═════ Supplied material ═════
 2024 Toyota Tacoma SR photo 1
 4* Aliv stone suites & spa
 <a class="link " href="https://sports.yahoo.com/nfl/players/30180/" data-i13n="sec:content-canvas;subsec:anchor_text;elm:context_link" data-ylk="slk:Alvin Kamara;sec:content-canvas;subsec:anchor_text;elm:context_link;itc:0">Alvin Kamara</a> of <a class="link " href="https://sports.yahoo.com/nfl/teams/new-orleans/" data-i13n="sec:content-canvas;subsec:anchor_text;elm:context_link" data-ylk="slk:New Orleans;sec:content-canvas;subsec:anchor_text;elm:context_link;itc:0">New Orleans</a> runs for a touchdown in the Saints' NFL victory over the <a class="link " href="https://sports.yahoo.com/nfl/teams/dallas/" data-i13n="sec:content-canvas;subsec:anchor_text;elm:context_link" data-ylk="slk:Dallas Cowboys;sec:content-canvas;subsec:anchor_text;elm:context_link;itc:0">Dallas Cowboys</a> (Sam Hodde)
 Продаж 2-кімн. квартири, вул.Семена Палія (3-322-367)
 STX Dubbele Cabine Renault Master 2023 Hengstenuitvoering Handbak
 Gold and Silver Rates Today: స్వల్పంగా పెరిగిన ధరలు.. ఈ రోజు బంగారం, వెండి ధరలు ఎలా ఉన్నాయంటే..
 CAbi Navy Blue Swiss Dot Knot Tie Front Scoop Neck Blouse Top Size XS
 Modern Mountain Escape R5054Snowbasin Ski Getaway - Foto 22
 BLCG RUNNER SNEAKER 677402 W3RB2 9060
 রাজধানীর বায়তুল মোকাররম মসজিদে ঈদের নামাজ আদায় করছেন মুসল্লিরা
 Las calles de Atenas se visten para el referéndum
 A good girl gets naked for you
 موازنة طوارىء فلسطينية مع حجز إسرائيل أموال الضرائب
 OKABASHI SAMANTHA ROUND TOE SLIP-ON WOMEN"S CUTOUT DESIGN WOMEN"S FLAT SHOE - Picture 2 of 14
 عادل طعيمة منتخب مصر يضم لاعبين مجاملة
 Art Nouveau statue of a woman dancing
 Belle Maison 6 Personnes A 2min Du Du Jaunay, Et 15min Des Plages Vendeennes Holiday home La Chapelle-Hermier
═════
_Required action_
What is needed here is an exact copy of every record.

_Task solution_
 2024 Toyota Tacoma SR photo 1
 4* Aliv stone suites & spa
 <a class="link " href="https://sports.yahoo.com/nfl/players/30180/" data-i13n="sec:content-canvas;subsec:anchor_text;elm:context_link" data-ylk="slk:Alvin Kamara;sec:content-canvas;subsec:anchor_text;elm:context_link;itc:0">Alvin Kamara</a> of <a class="link " href="https://sports.yahoo.com/nfl/teams/new-orleans/" data-i13n="sec:content-canvas;subsec:anchor_text;elm:context_link" data-ylk="slk:New Orleans;sec:content-canvas;subsec:anchor_text;elm:context_link;itc:0">New Orleans</a> runs for a touchdown in the Saints' NFL victory over the <a class="link " href="https://sports.yahoo.com/nfl/teams/dallas/" data-i13n="sec:content-canvas;subsec:anchor_text;elm:context_link" data-ylk="slk:Dallas Cowboys;sec:content-canvas;subsec:anchor_text;elm:context_link;itc:0">Dallas Cowboys</a> (Sam Hodde)
 Продаж 2-кімн. квартири, вул.Семена Палія (3-322-367)
 STX Dubbele Cabine Renault Master 2023 Hengstenuitvoering Handbak
 Gold and Silver Rates Today: స్వల్పంగా పెరిగిన ధరలు.. ఈ రోజు బంగారం, వెండి ధరలు ఎలా ఉన్నాయంటే..
 CAbi Navy Blue Swiss Dot Knot Tie Front Scoop Neck Blouse Top Size XS
 Modern Mountain Escape R5054Snowbasin Ski Getaway - Foto 22
 BLCG RUNNER SNEAKER 677402 W3RB2 9060
 রাজধানীর বায়তুল মোকাররম মসজিদে ঈদের নামাজ আদায় করছেন মুসল্লিরা
 Las calles de Atenas se visten para el referéndum
 A good girl gets naked for you
 موازنة طوارىء فلسطينية مع حجز إسرائيل أموال الضرائب
 OKABASHI SAMANTHA ROUND TOE SLIP-ON WOMEN"S CUTOUT DESIGN WOMEN"S FLAT SHOE - Picture 2 of 14
 عادل طعيمة منتخب مصر يضم لاعبين مجاملة
 Art Nouveau statue of a woman dancing
 Belle Maison 6 Personnes A 2min Du Du Jaunay, Et 15min Des Plages Vendeennes Holiday home La Chapelle-Hermier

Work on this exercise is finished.